LEDs are too bright for many applications such as wearables or where power is limited.
The solution is to use the FastLED.setBrightness() function to dim them down. But using software to dim an LED reduces the bit depth from eight bits to four or five. That brings down the original 256 levels to 16 or 32, reducing dynamic range, making small changes in brightness seem to flicker. This effect is from hardware limitations of the LED driver chip, not the fault of FastLED.
The other solution is to dim the LED in hardware, leaving all eight bits of brightness. That was the theory at least. Here are the results.
Details
This video demonstrates the difference between software and hardware dimming. The first LED is dimmed with hardware. The second LED is dimmed with FastLED.setBrightness(15). Notice how the second LED flickers.

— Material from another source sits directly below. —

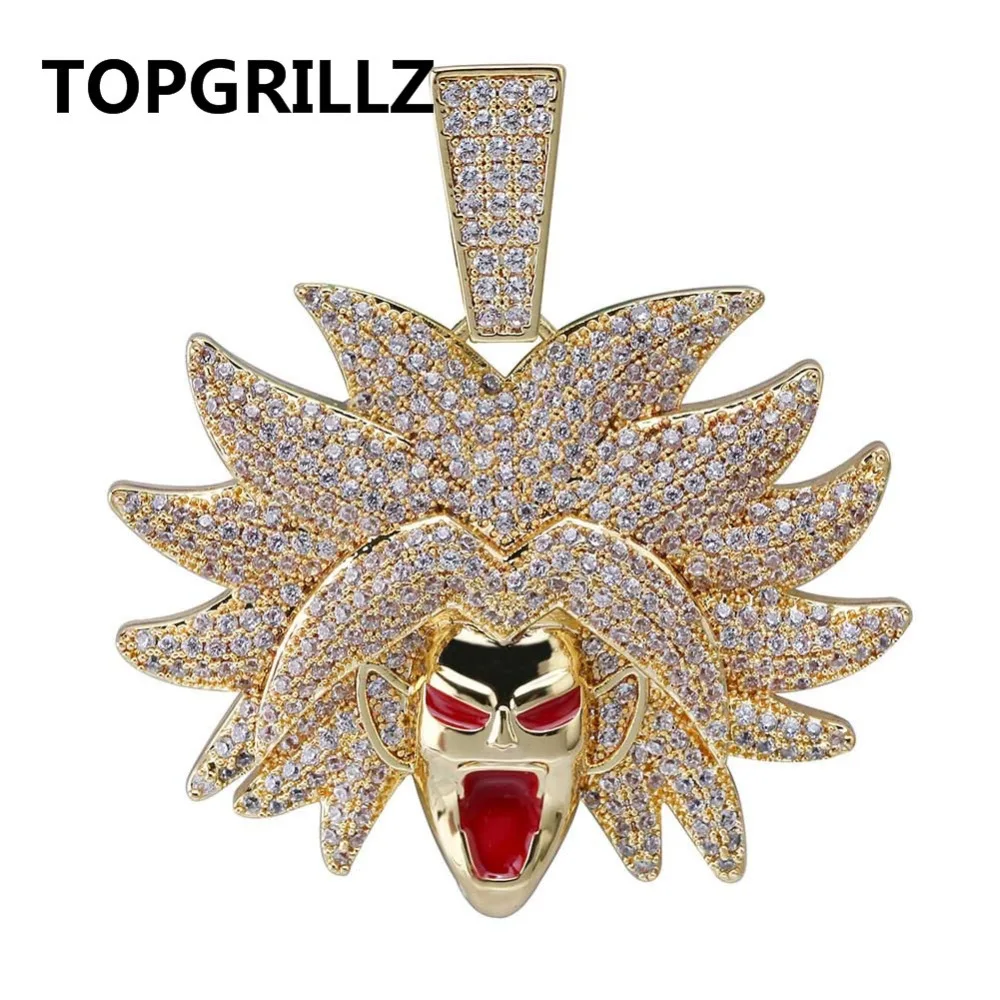 TOPGRILLZ Dragon Ball Broly Pendant Necklace Iced Out Cubic Zircon Hip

I setup two WS2801 chips. The one on the left is dimmed down in constant current mode, which is adjustable, as in figure 6 from the data sheet. RXFB, the blue potentiometer on the left, is 350 ohms between XFB and ground.
The second LED is at full brightness, constant voltage, figure 7 from the data sheet. XFB is grounded in this mode. I think that this is the mode that most WS2801s use, maybe because it saves three resistors per RGB LED.
Even though this chip does RGB, this test has only the R channel connected. In both cases RL is 100 ohms between power and the LED.
The only time I use the LEDS.setBrightness() is in the setup() area of my Arduino programs. I use it to clamp the whole project to a predetermined max brightness because, like you said, most of the time full brightness is way too bright!
I think that the reason you are getting a choppy fade is due to the use of the brightness function to fade, 255/15 = 17 steps of fade. You can almost count the individual steps in the video. I could be wrong?!?!
@Jon_Burroughs You are exactly right. There are so few steps that you can almost count them. I dimmed down to 15 to make the effect obvious. Even dimmed down to that, the brightness could still be too high for a large number of LEDs in a dark place to be subtle.
The point of the exercise is to demonstrate the effect, because when you look at only the high level code, you wouldn’t know it happens. Without this effect, there would be no reason for dim LEDs. Without a reason there is no demand. Without demand, there would be no reason for somebody like @Tod_Kurt to want to make any.
There’s a third way, which @Mark_Kriegsman has worked out in theory (and extra overhead practice) and I’m working out the 0 extra overhead practice - which we will have more on shortly possibly
Ah… temporal dithering? Sounds messy. Pulse width modulating a device that itself pulse width modulates, that was originally designed so that you wouldn’t have to pulse width modulate. Yikes. I hear it does work well. It would be nice if it worked well enough to be able to gamma correct.
It’s not quite a pwm of pwm (though that is something that fadecandy does, which is why it limits strips to 64 rgb LEDs, because it wants a 400fps rate). Can’t wait until it is show-offable.
This is great, and clearly shows the steps using one method over the other. I can set a fade along a strip and turn down the brightness with setBrightnes() and watch the lower LEDs simply turn off. It’s not ideal, but it’s what’s available to work with.
The unfortunate part here is that doing hardware fade with ready made LED strips will be nearly impossible. You’re pretty much looking at having to design your own.
@Ashley_M_Kirchner_No I’m working on an RGB demo of the same thing. The problem is much worse in full color.
I’m thinking of a hack to the ready made WS2801 strings. They have current limiting resistors, since they don’t configure the chip in constant current mode. That might be an opportunity. Maybe swapping out the current limiting resistors for higher values would do the same thing, even if it’s totally tedious and wastes power.
I need to get some surface mount resistors to play with.
I already know that putting the right resistors between ground and the pins designated by the datasheet will do what I want, but there is nowhere on the ready made string to do such a thing. I tried cutting those pins away from ground to float them. That doesn’t work.
That’s the biggest issue here, having to retro fit those strips. After all, they are made rather cheaply. The same goes for the LPD8806 strips, they are essentially clamped at 18mA and will need hardware hacking to change.
Not going to say impossible, but rather difficult. Flex circuits are also still rather expensive. An up-to 50mm x 50mm two layer piece will run you $58.50 where the same as a rigid PCB is $9.90 …
This does make me wonder though … since I am making my own (rigid) strips for my POV batons, I can wire the IC different so I can control the current output with an external resistor. If I make it a digitally controlled potentiometer, that would mean I can do my own fading. Hrm.
This was the hope for the TM1829 - which allows for setting the base current used by each rgb pixel separately from the pwm value (32 levels of current setting). I haven’t played with them a whole lot yet, and it’s unclear how the current adjustment would fit into the setBrightness (it might not - current adjustment may be a different function that is nop’d for non-TM1829 chips - then there’s the issue of per-pixel value setting as well…).
Here is the RGB video: http://youtu.be/jjJsdtr7vbY
There are big hue changes during the software fade. The hue changes are much smaller during the hardware fade.